Пихт удивленно взглянул на Эрику:
- Будь осторожна, детка. Тебя могут схватить черти.
- Я хочу уехать из Германии куда угодно. Только подальше от войны. В Швейцарию, Бразилию, Африку, - мне все равно. Только спасти тебя. Только спасти наше счастье.
- Глупенькая… - Пихт ласково потрепал девушку по щеке. - С самого дня рождения каждый мечтает о таком островке, но никто не находит его. Мы все, как белки, влезаем в одно колесо и вертимся там до самой смерти.
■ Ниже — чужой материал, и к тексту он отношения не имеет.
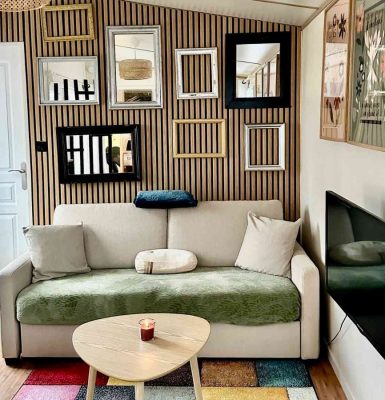 COTTAGE I – Cosy & proche de la mer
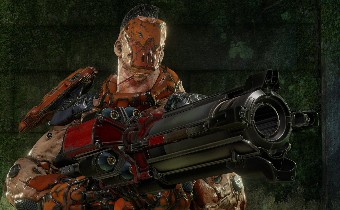 В Quake Champions появятся боты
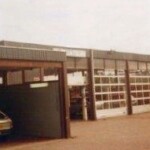 Wasboxen van Garage de Roos Holterweg 85 Colmschate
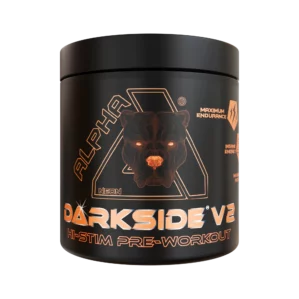 ALPHA NEON DARKSIDE V2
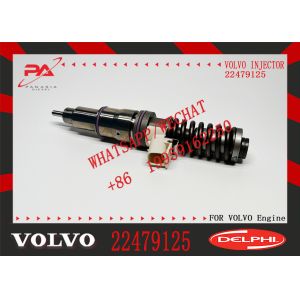 High Performance Diesel Engine Parts 22479125 Electronic Unit Common Rail Fuel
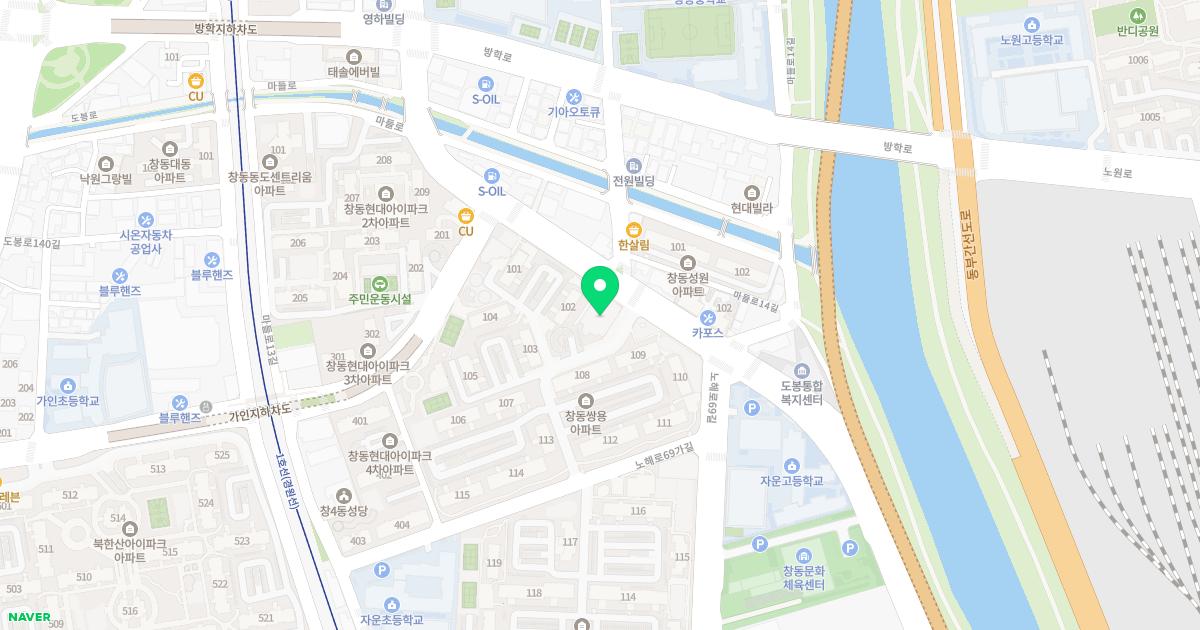 성모가정의학과의원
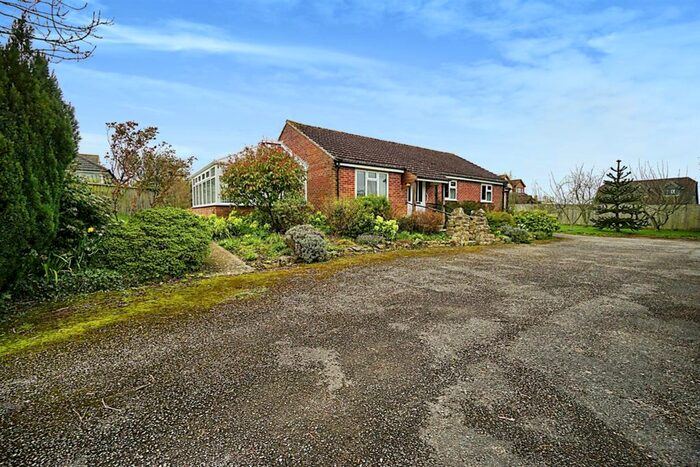 3 Bedroom Detached Bungalow For Sale In Penmore Road, Sandford Orcas, Sherborne, DT9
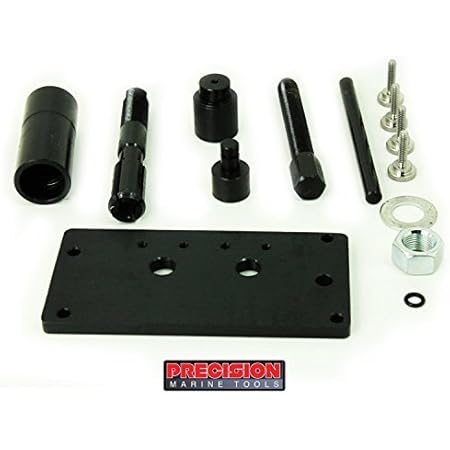 Made In USA! Inner Cam Bearing Installer Puller Compatible For - Foto 8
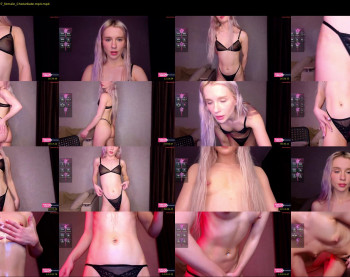pixieprick — 96 minute Chaturbate couple cam show recording, 720p, Jun 13, 2025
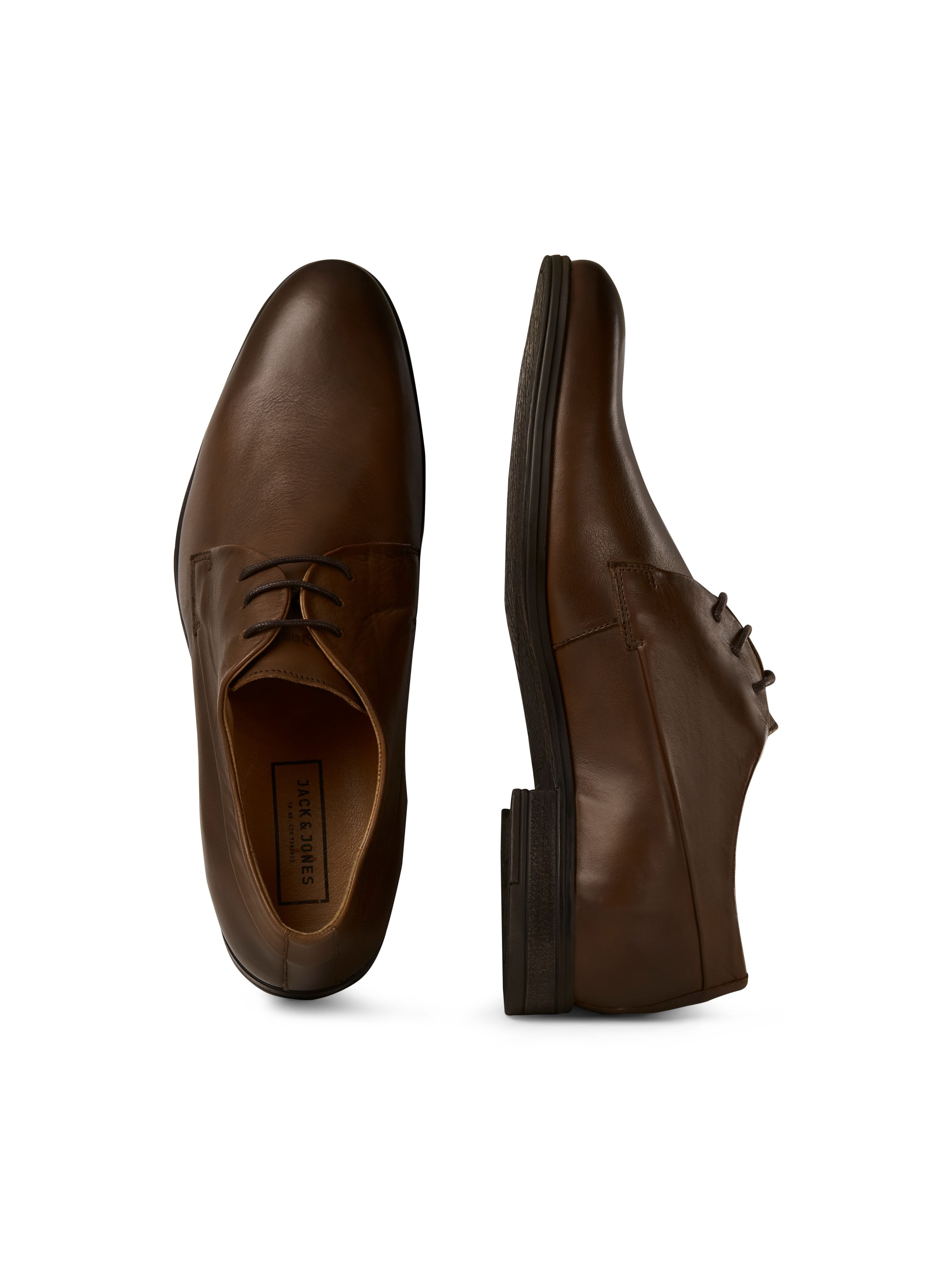 Jack & Jones Schnürschuh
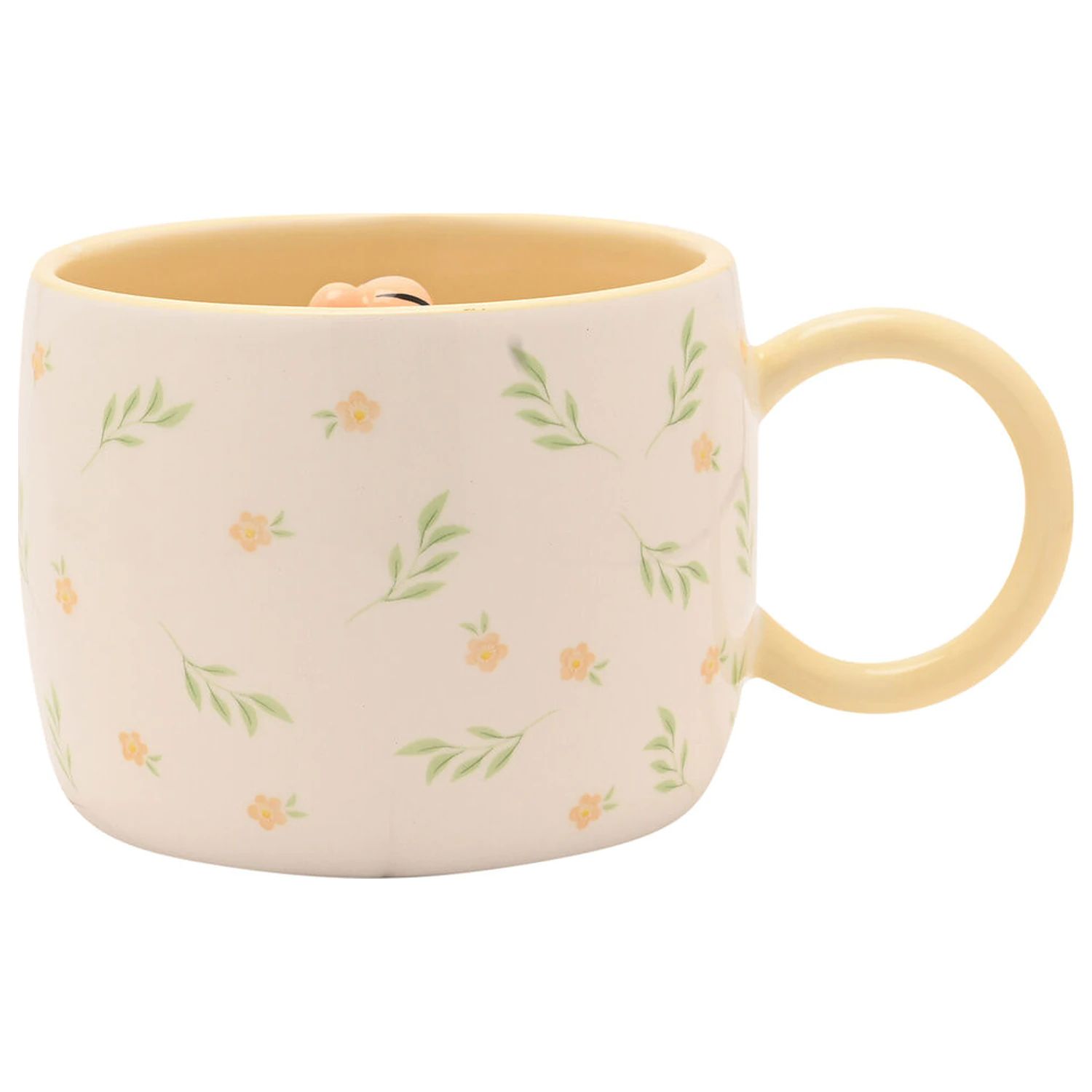 Disney Winnie the Pooh Tigger 3D skodelica fotografija izdelka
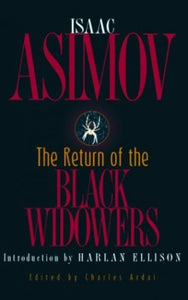 The Return of the Black Widowers 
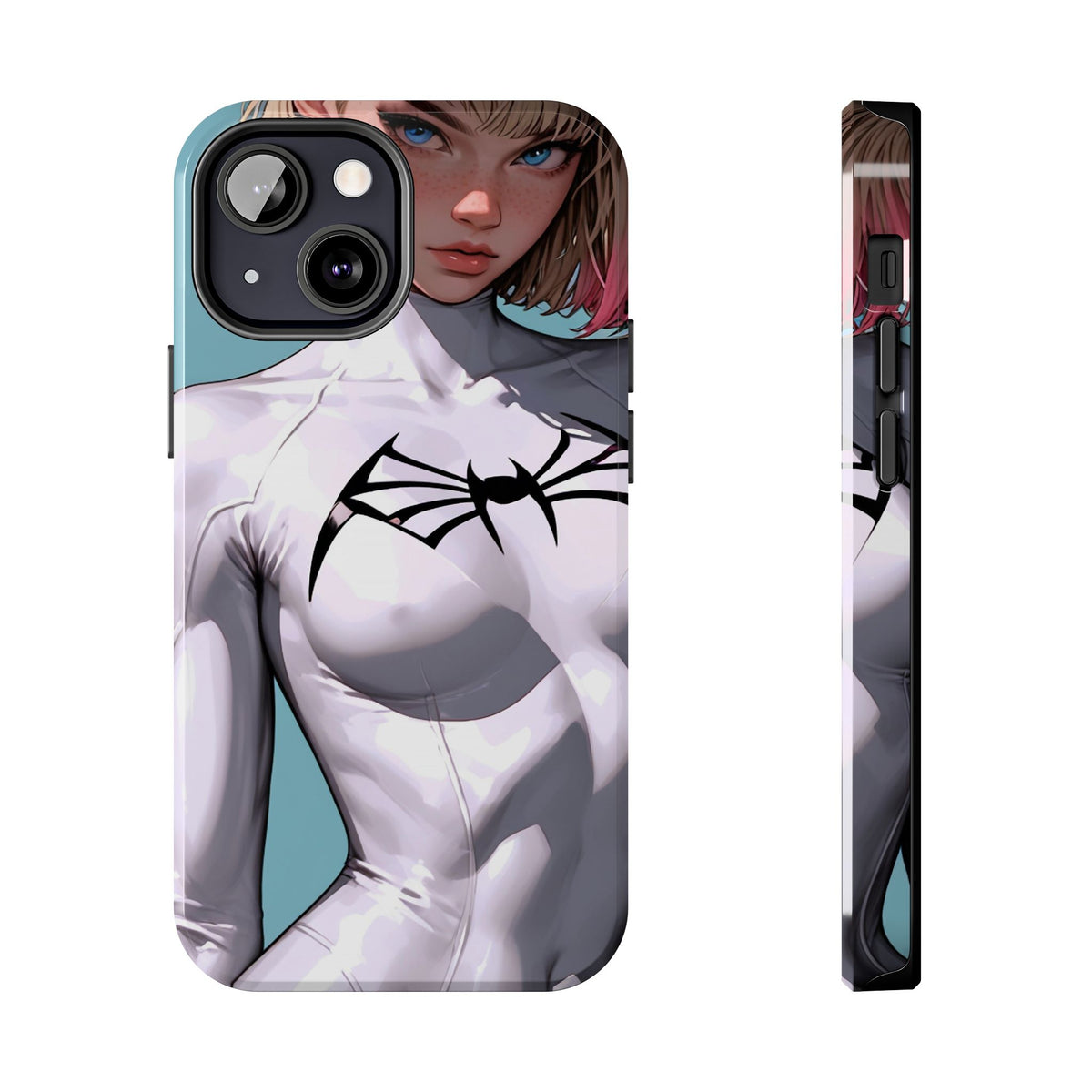 Gwen Stacy 001 Tough Cases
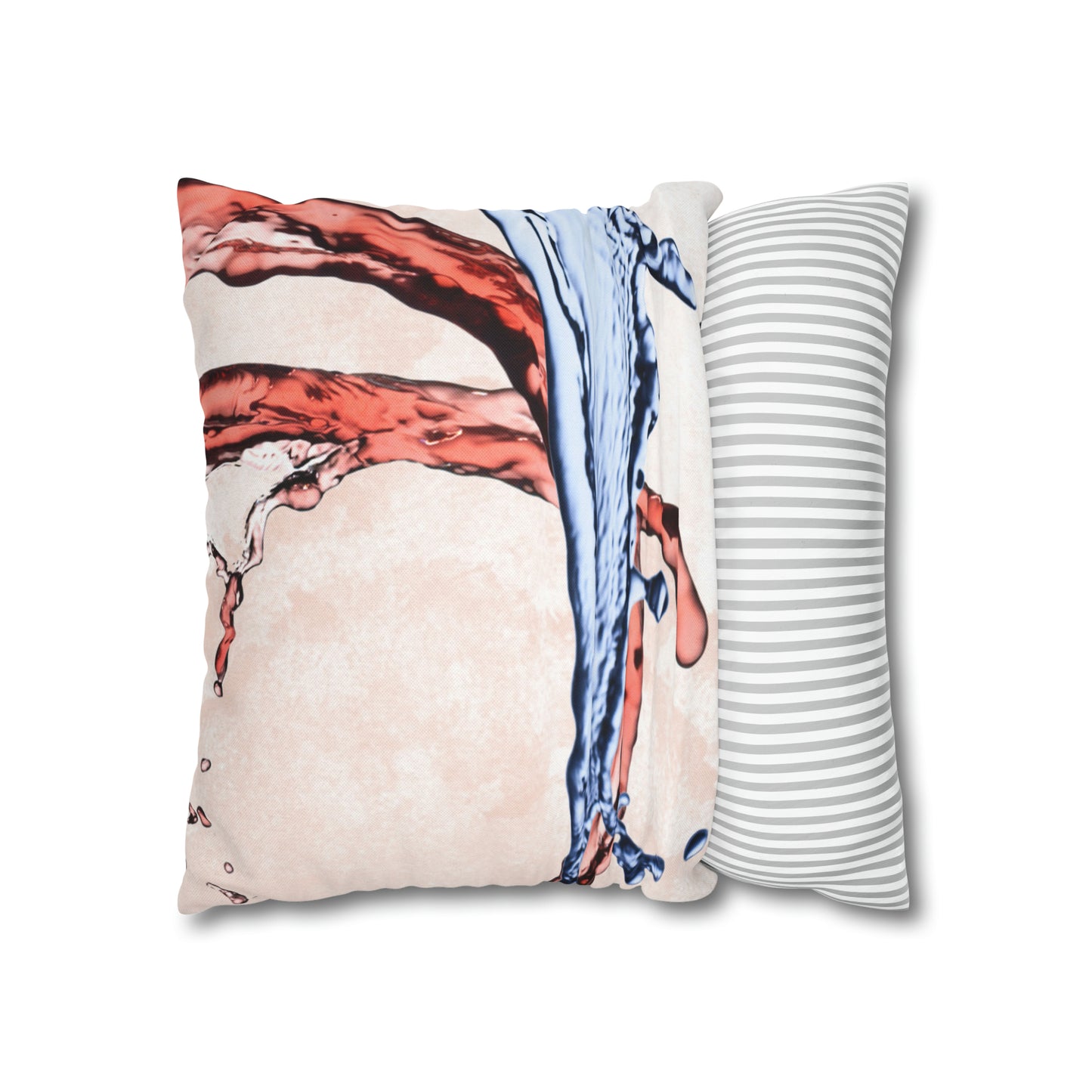 Square Pillow Case (w)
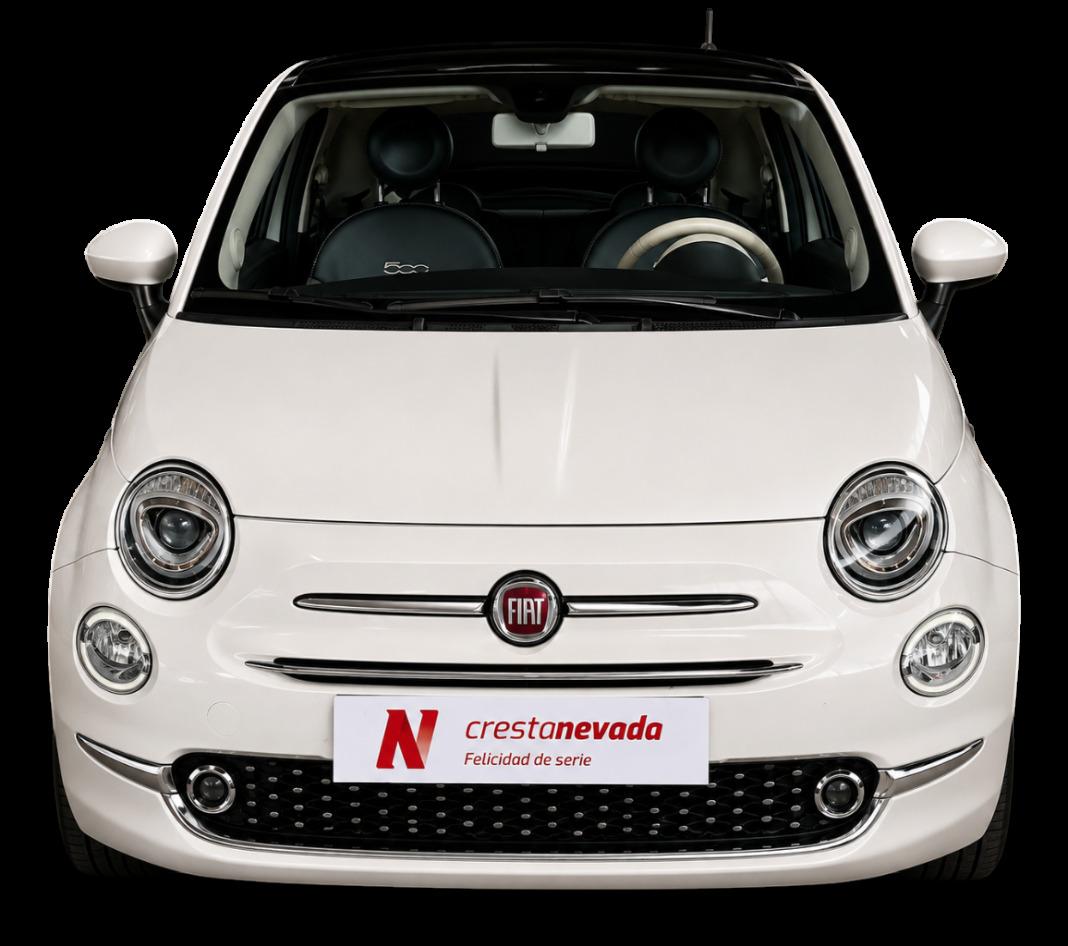 Fiat 500 Dolcevita 1.0 Hybrid 51KW 70 CV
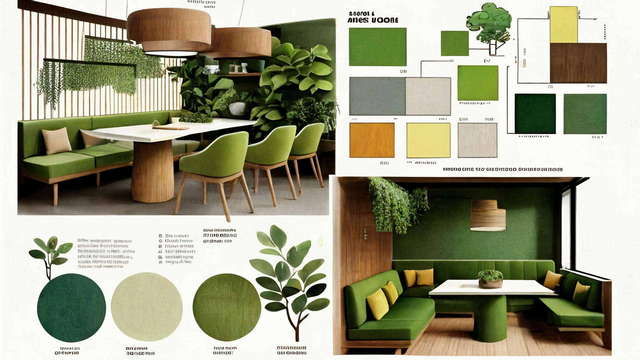 图片[2]-全球设计案例智能库_OJBKAI.COM环保主义风格Midjourney灵感图库-_设计智库－全球设计案例智能库_OJBKAI.COM-全球设计案例智能库_OJBKAI.COM设计智库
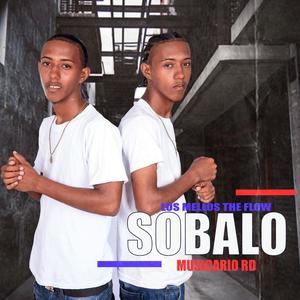 Sobalo (feat. Musicario RD)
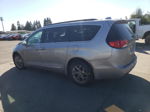 2017 Chrysler Pacifica Touring L Серый vin: 2C4RC1BGXHR538253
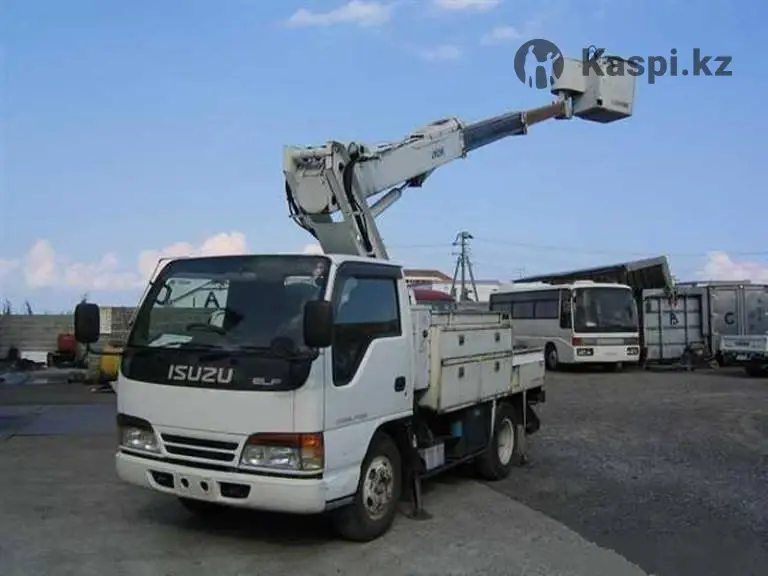 ISUZU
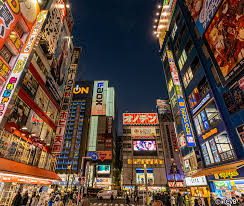 akihabara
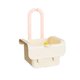 thumbnail image 1 of Cesta Colgante para Fregadero de Cocina, Cesta Separadora para Filtro de Alimentos, Cesta para Filtro de Limpieza de Frutas, 1 of 4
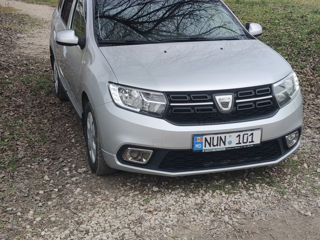 Dacia Logan Mcv foto 2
А смерть уже в пути к нам.
- Неужели русские победят?
- Россия оказалась более сильной, чем представлял себе фюрер.
- Боже, эти азиаты уничтожат страну, как Аттила. - Эрика взяла в ладони лицо Пихта: - Мне страшно за тебя, Пауль. Я буду молиться богу.
- Какому богу? - усмехнулся Пихт. - В нынешней Германии нет даже приличного бога. Христианство мы назвали религией иудеев и у языческих предков стащили Вотана - бога ветра, бури и войны, объявив это буйволоподобное чудовище своим богом…
- У меня есть свой бог. Здесь. - Эрика прижала руки к груди. - Это ты! Ты мой бог!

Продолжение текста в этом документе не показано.